• WHAT IS REQUIRED:
Look below for the line that contains "Chlorowodorek 1-chlorokarbonylo-4-piperydynopiperydyny", and write out exactly that line and all remaining lines of the listing, omitting pictures.

• SUPPLIED DATA:
------------------------------
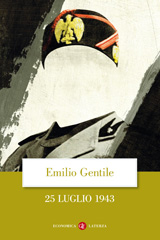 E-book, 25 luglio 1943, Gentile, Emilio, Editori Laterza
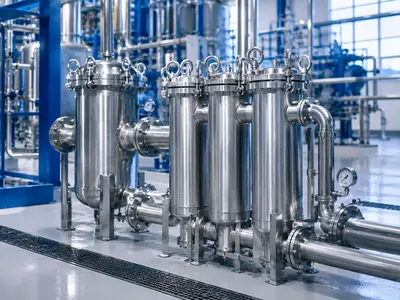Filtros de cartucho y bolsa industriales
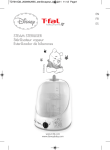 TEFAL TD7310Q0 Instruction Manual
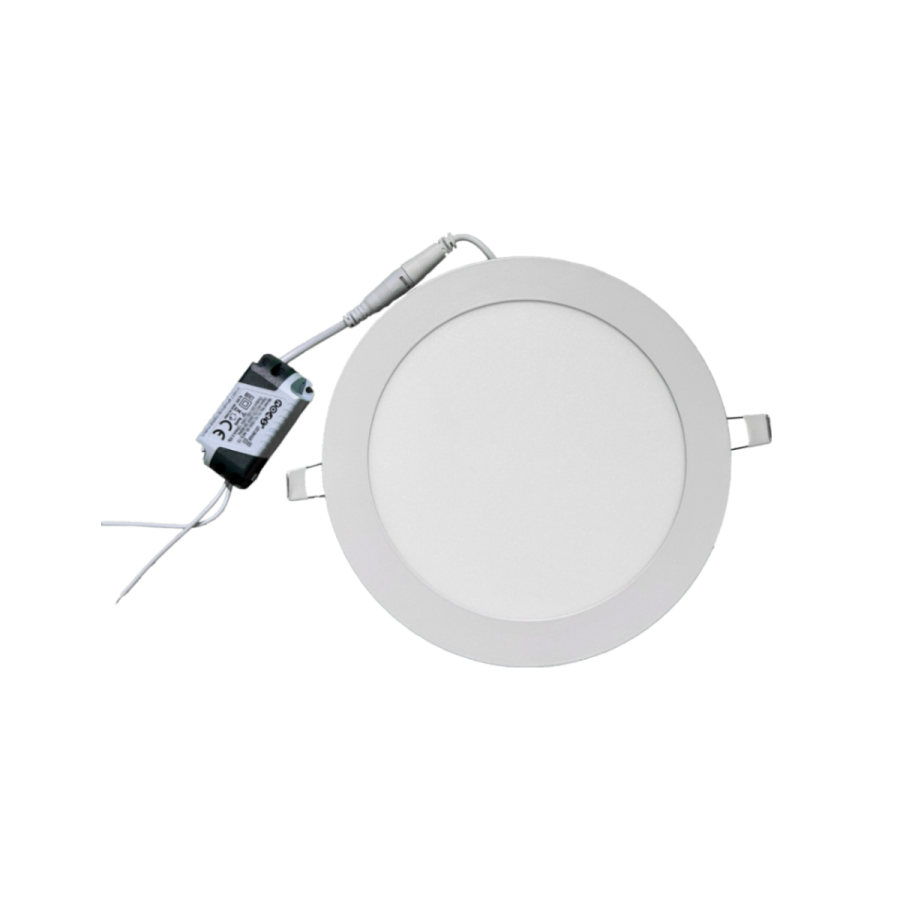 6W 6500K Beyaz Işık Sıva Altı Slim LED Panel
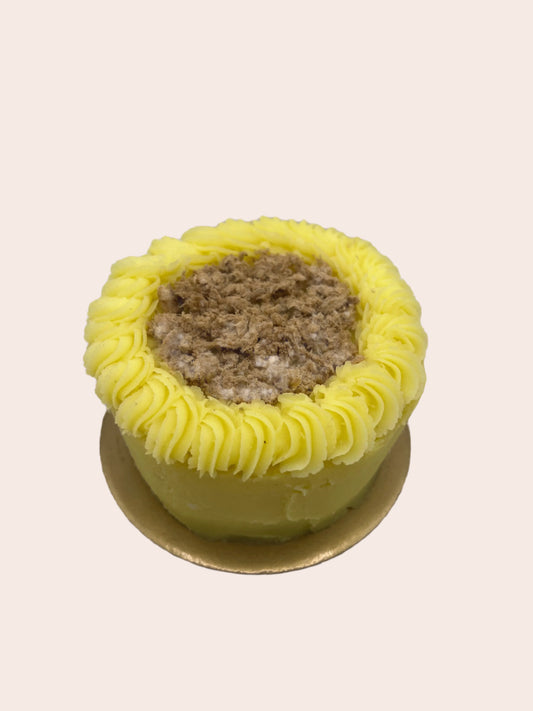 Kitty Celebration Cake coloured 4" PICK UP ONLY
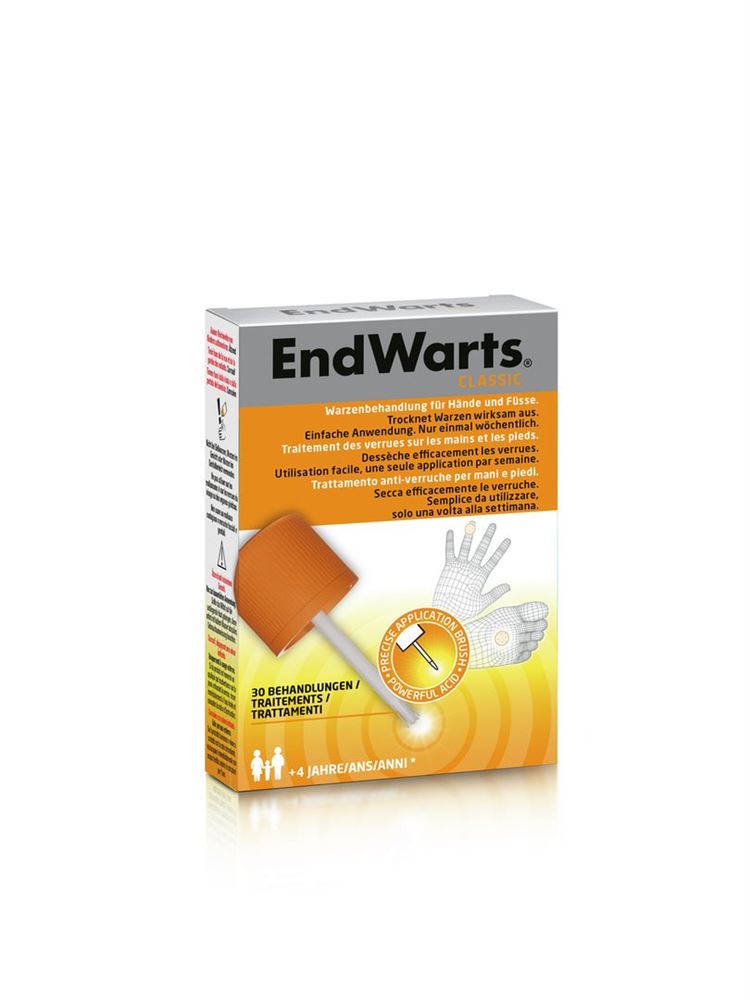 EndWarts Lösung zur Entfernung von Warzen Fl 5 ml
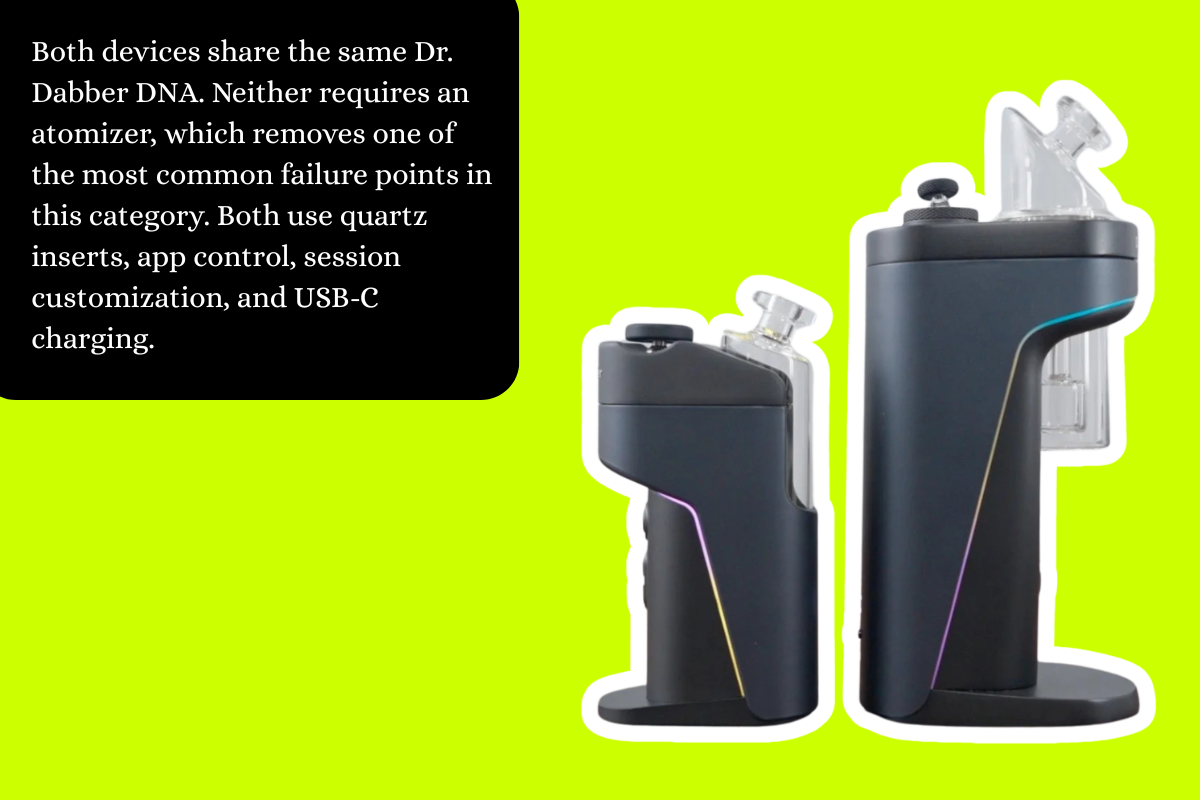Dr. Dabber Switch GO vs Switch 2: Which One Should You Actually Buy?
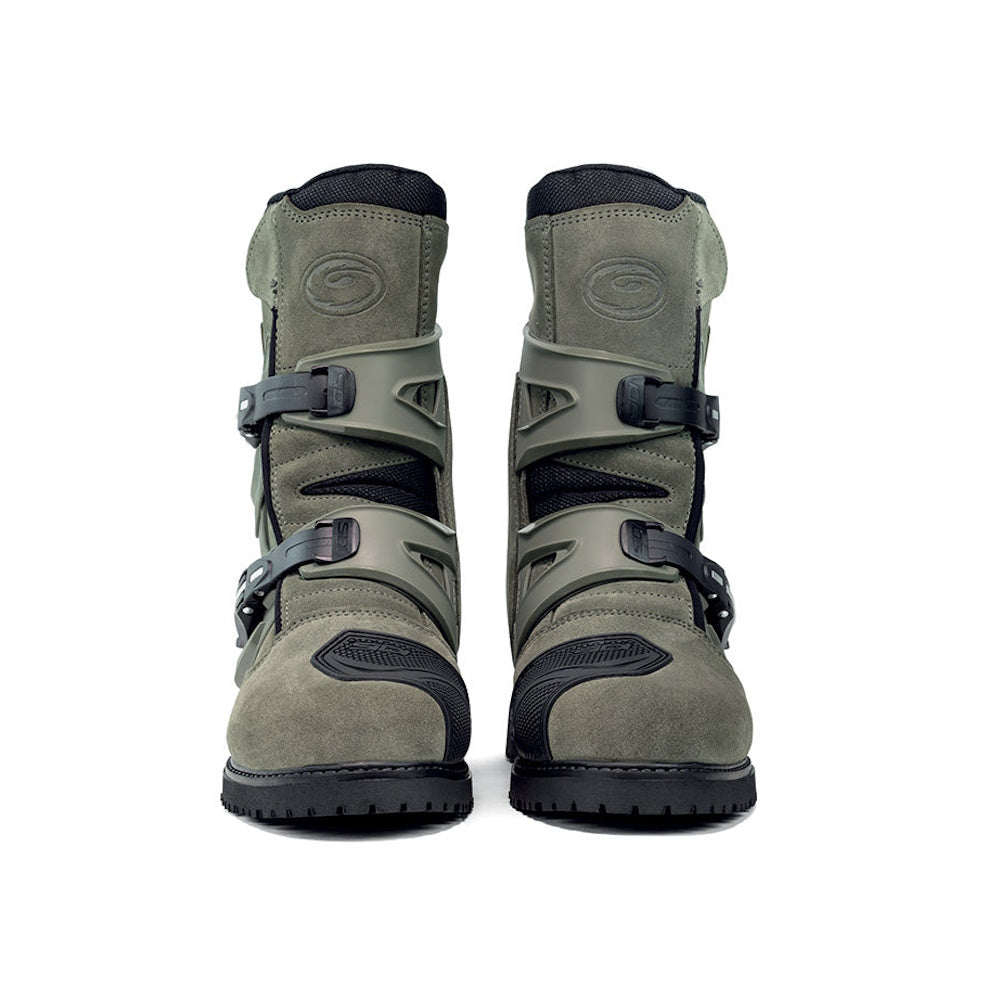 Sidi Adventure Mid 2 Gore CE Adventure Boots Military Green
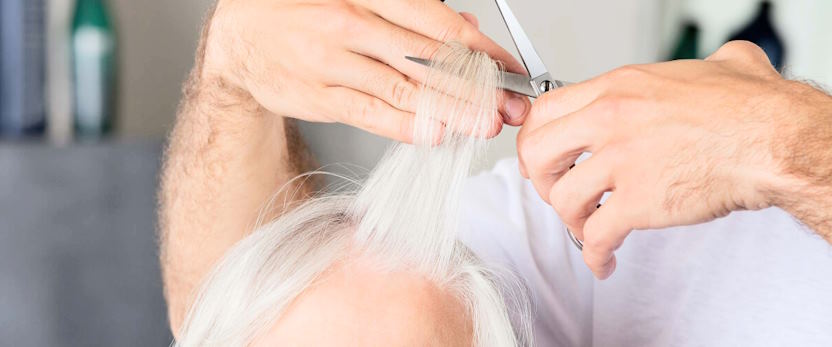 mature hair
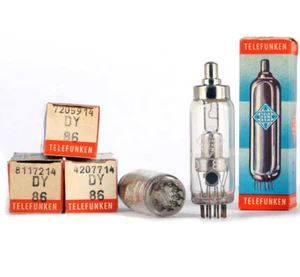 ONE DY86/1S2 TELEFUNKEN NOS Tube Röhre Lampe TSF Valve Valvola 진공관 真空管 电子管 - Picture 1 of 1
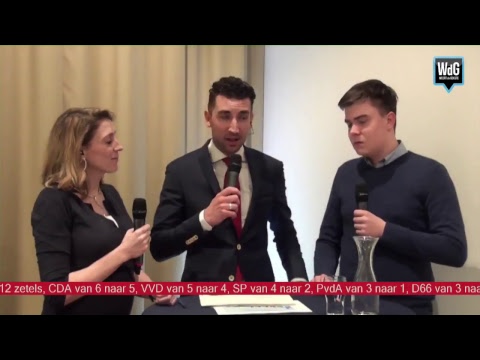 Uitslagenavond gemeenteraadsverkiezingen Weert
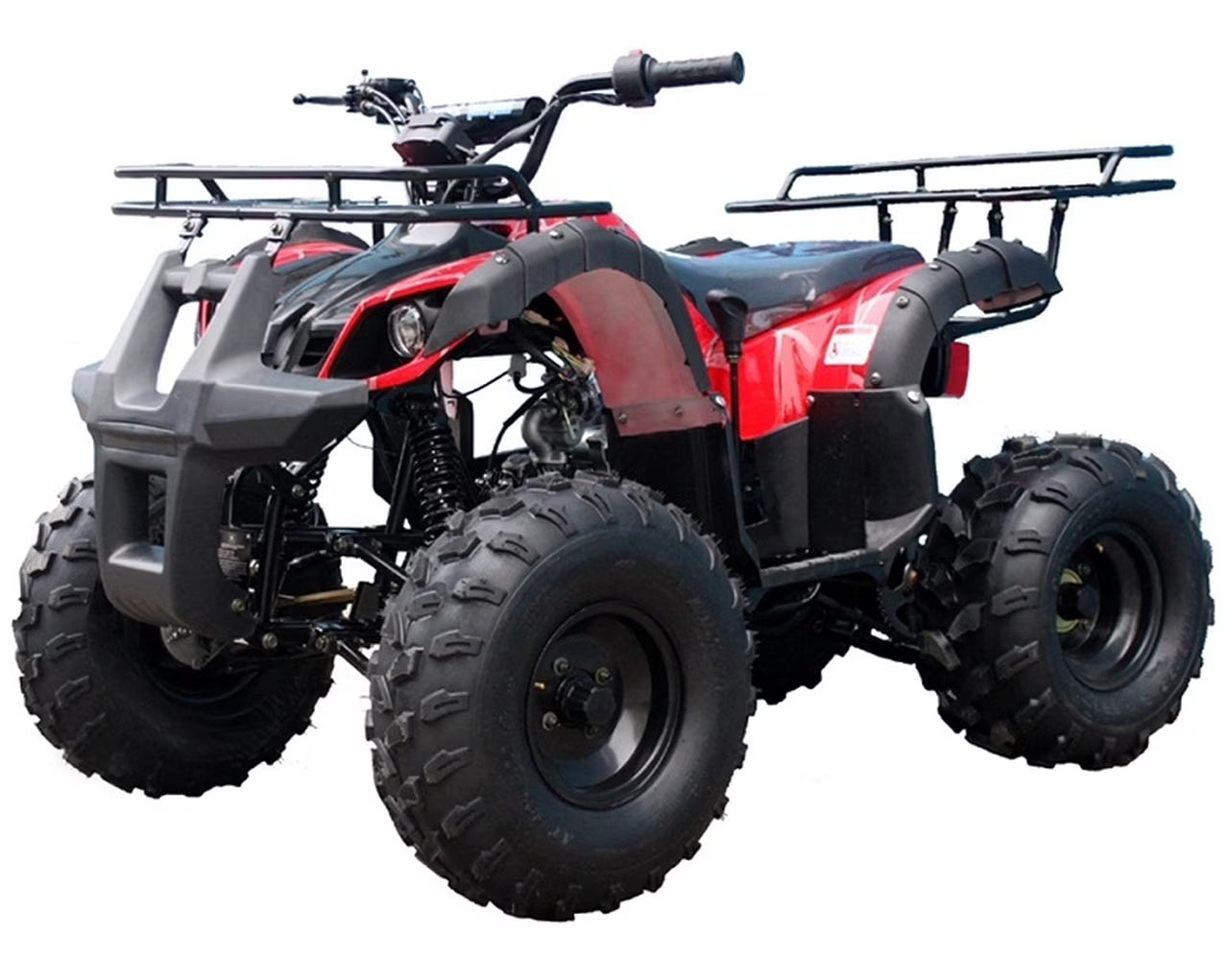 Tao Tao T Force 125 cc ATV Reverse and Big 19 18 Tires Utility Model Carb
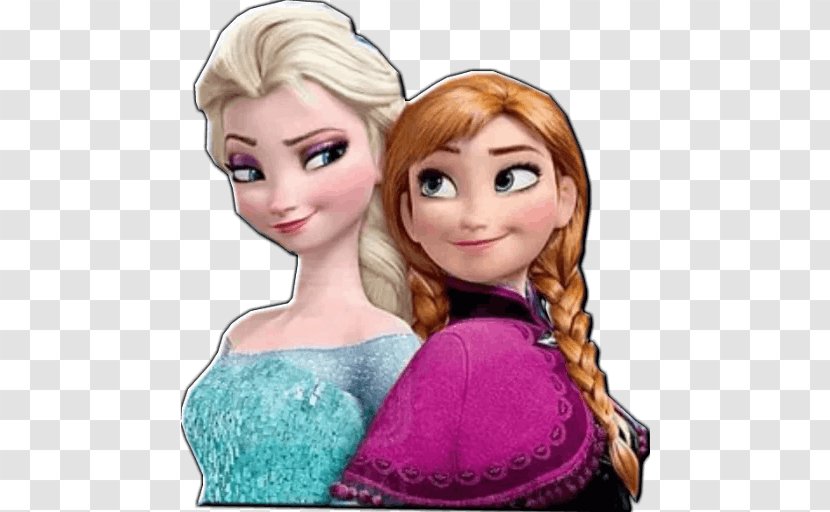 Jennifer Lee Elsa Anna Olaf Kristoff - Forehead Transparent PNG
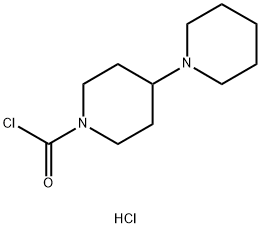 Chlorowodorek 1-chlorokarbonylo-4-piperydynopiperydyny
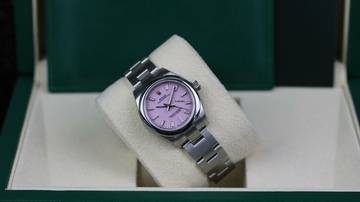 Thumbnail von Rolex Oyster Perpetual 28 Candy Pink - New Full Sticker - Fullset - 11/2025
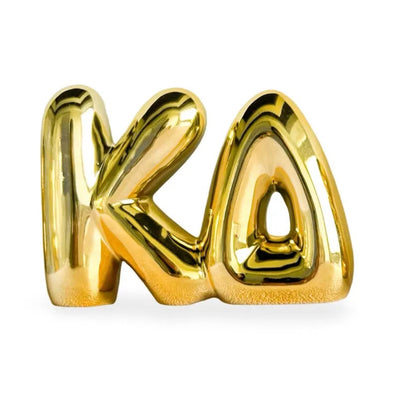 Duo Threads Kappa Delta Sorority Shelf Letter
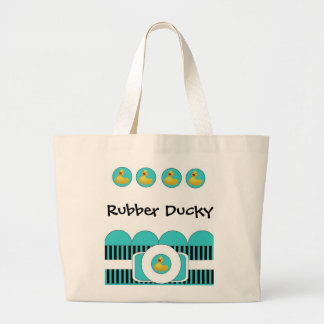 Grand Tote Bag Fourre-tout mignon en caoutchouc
------------------------------
• REPLY TO THE TASK:
 Chlorowodorek 1-chlorokarbonylo-4-piperydynopiperydyny
 Thumbnail von Rolex Oyster Perpetual 28 Candy Pink - New Full Sticker - Fullset - 11/2025
 Duo Threads Kappa Delta Sorority Shelf Letter
 Grand Tote Bag Fourre-tout mignon en caoutchouc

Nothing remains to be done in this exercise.